The Downer EDI Limited (ASX: DOW) share price tumbled today as management denied rumours that it has not received a management buyout proposal for its troubled mining services business although that isn’t likely to quell the speculation.
It’s almost a clever sleight of hand as the engineering group didn’t say it did not receive any takeover proposal.
That may be missed by the market as Downer’s share price crashed 2.8% to $6.70 when the S&P/ASX 200 (Index:^AXJO) (ASX: XJO) shed 1.6% of its value in the last hour of trade today.
Downer is reported to have hired Deutsche Bank to help it negotiate the sale of its mining business to an overseas trade buyer, according to the Australian Financial Review.
It’s hard to think that the leading mining services business can be losing money during this part of the cycle when miners are ramping up production but that’s what’s been happening as Downer has seen earnings from this division slide backward by 40%.
The loss of two big contracts contributed to the profit drop and prompted management to state that it would merge the mining services business with its engineering operations.
It’s probably better to sell the business given that other parts of Downer’s business are performing well.
Lendlease Group (ASX: LLC) is likely to be keeping a close eye on the divestment as it mulls the future of its engineering business.
It beggars belief that Lendlease could be losing money too during a boom although its problems are in the infrastructure construction sector with the group shocking the market by saying it would take a $350 million after-tax hit on a small number of projects.

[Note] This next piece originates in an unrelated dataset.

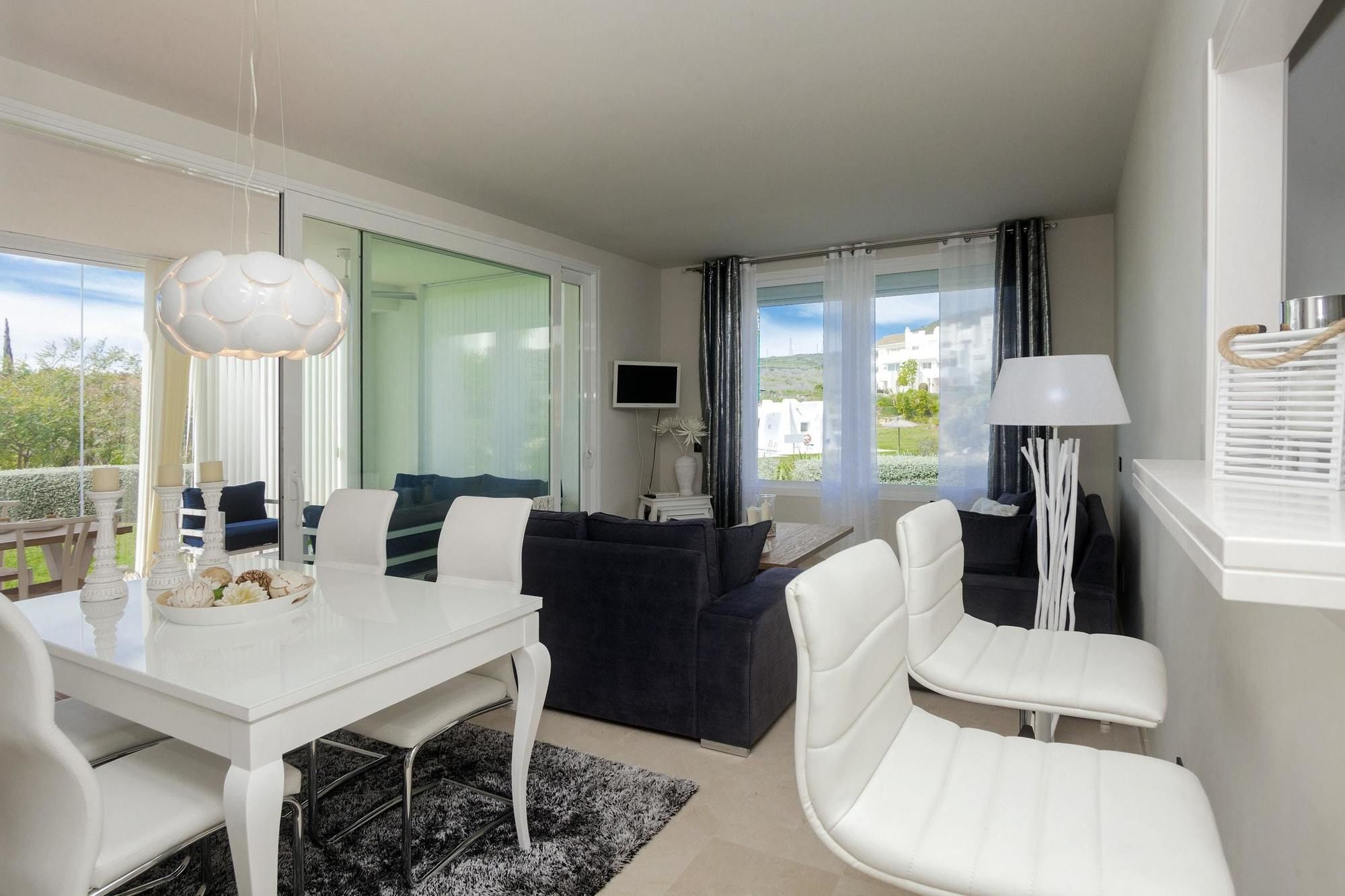 Apartment With 3 Bedrooms In Estepona, With Wonderful Mountain View, P Exterior photo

The Lendlease share price has crashed 27% since the news and some experts believe the only way the diversified engineering and property group can win back investors is by surgically removing the engineering services division.
The worrying thing is that these may not be the only companies struggling to make hay even when the sun is shining.
RCR Tomlinson Limited (ASX: RCR) shares have gone into a trading suspension as management reviews its earnings for FY19 and “the associated consequences for its funding”.
No other details have been announced just yet, but you can bet they will be ugly.